Nothing signifies surfing on the west coast of North America as much as “Woodies” – Wooden station wagons. They were inexpensive, could carry a surf board or boards easily. As well they could serve as a crash pad at night, parked along the beach or in a parking lot whether it be on the coast at a California, British Columbia or Oregon beach.
Initially woodies had a place since many potential car and automobile buyers who could not afford new station wagons would have bought such cars second hand. A wood body that was well card for seemed to last for years and years- even in humid climates such as Vancouver. It was true however that a portion of these woodies were not cared for by their owners and as such there were many lemons among this crowd.
When moisture gets into the cracks and open joints of a “Woodie” or as well into rips in the roof fabric, all sorts of decay can result. It’s a situation like the Titanic. What lies below the surface of the body of the vehicle can often be much more serious than an owner or potential buyer can think or even imagine.

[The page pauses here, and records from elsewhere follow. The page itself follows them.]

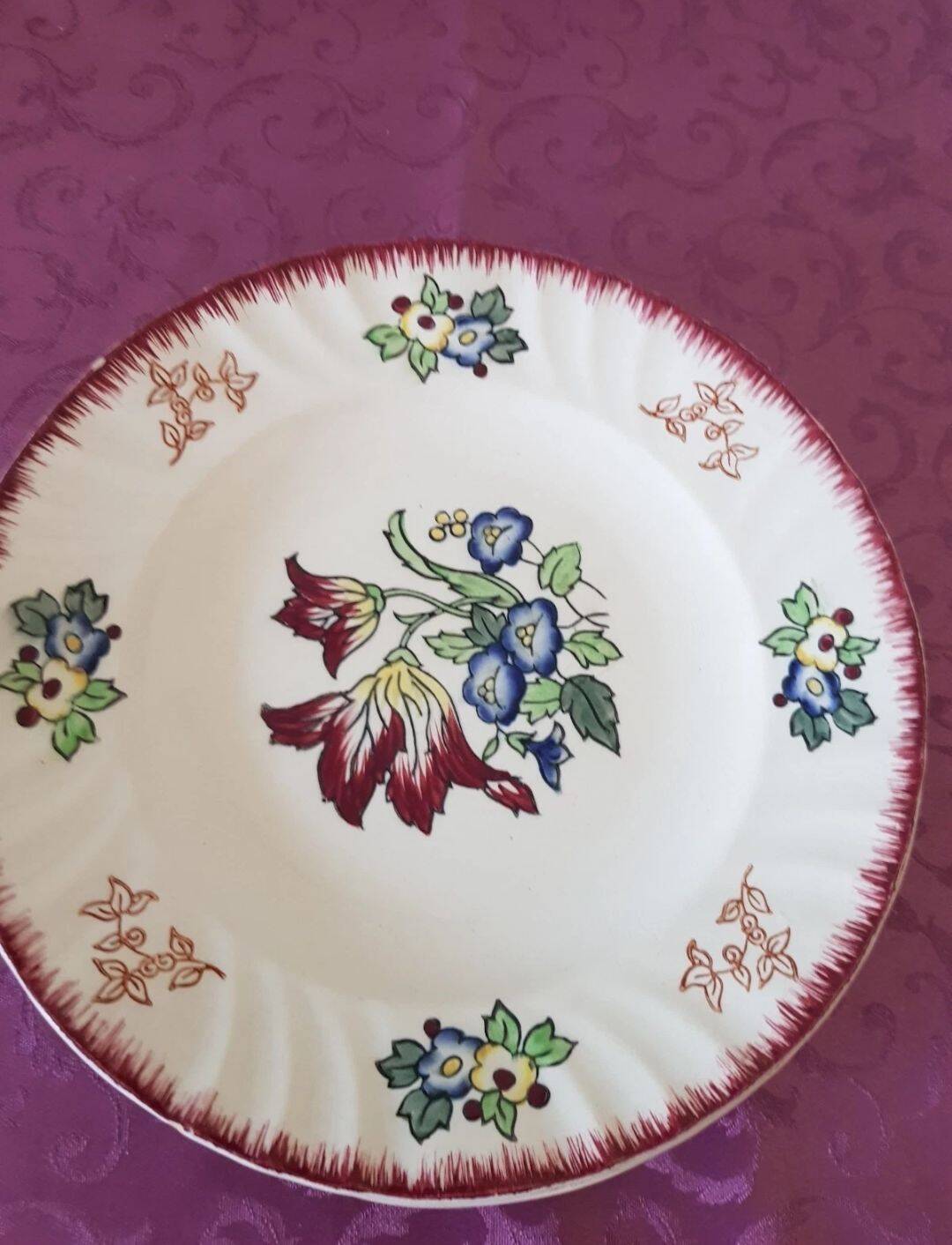 Set of 5 flat plates, signed Longwy.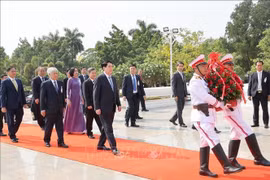 Chủ tịch nước Lương Cường dâng hoa tưởng niệm Chủ tịch Kaysone Phomvihane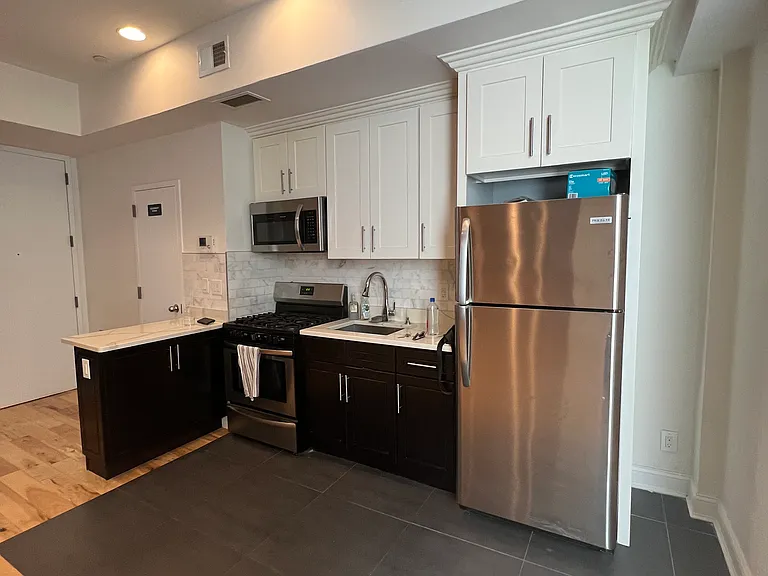 1409 Jefferson Ave #2C — Photo 2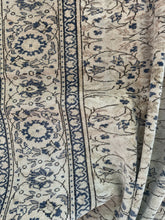 Load image into Gallery viewer, Vintage Kayseri 7’7” x 11’5”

A wagon that had been driven regularly every day is likely to be in better shape than one that stood around for weeks, or even months, in a damp garage – because the moisture would have been shaken out of it and dried up by the sun. It pays to look twice at a station wagon that has not gone as far as it its age would lead you to expect. It may be in worse shape than a similar vehicle with a much higher odometer reading or a newer vintage.
Neglect will be costly to you as a buyer of a vintage Woody automobile. Wood bodies were not self maintaining. A wooden body should have been maintained and revarnished every six months. The best finish is the most dangerous, however, if the joints are not filled properly. Wood filler should be worked into all cracks and coverered with a thin line of varnish. Otherwise water will have entered these cracks and be trapped under the heavy finish – eventually eating away the wood.
Similarly tears and small openings between the roof and the molding should be sealed promptly with weather strip cement. Paint, wax and varnish should not be used on fabric roofs. They will cause the fabric to crack. A light application of thin oil will keep these fabrics more than pliable.
Watch out that the drainage holes in the bottoms of doors and below the vintage sliding glass panes must also be kept open to preserve a Woodie Wagon’s body. This can be done very easily and simply by poking a stiff wire up through the holes occasionally.
Be careful of danger signs when evaluating vintage Woodie station wagons. Among the signs are – a musty smell, ugly fungus growths on the inside wood as well as discolored wood either inside or outside of the auto. Any of these signs of trouble can mean a fair amount of work will have to be done on the wagon within a year. Black or green discoloration is usually very serious, but gray areas along the top edges of horizontal frame members. The direct rays of the sun affect these edges most, and the grey spots usually can be bleached out and revarnished.
Lastly watch out decayed wood and patchwork repairs that have been concealed by paint. Look carefully for any depression in the surface of such a car body, and for cracks where there are no joints. Press these areas with your fingernail. If the wood is soft, and there are a number of such places move on. A very presentable Woodie station wagon auto is the very emblem of the California surfing image. Help maintain the tradition.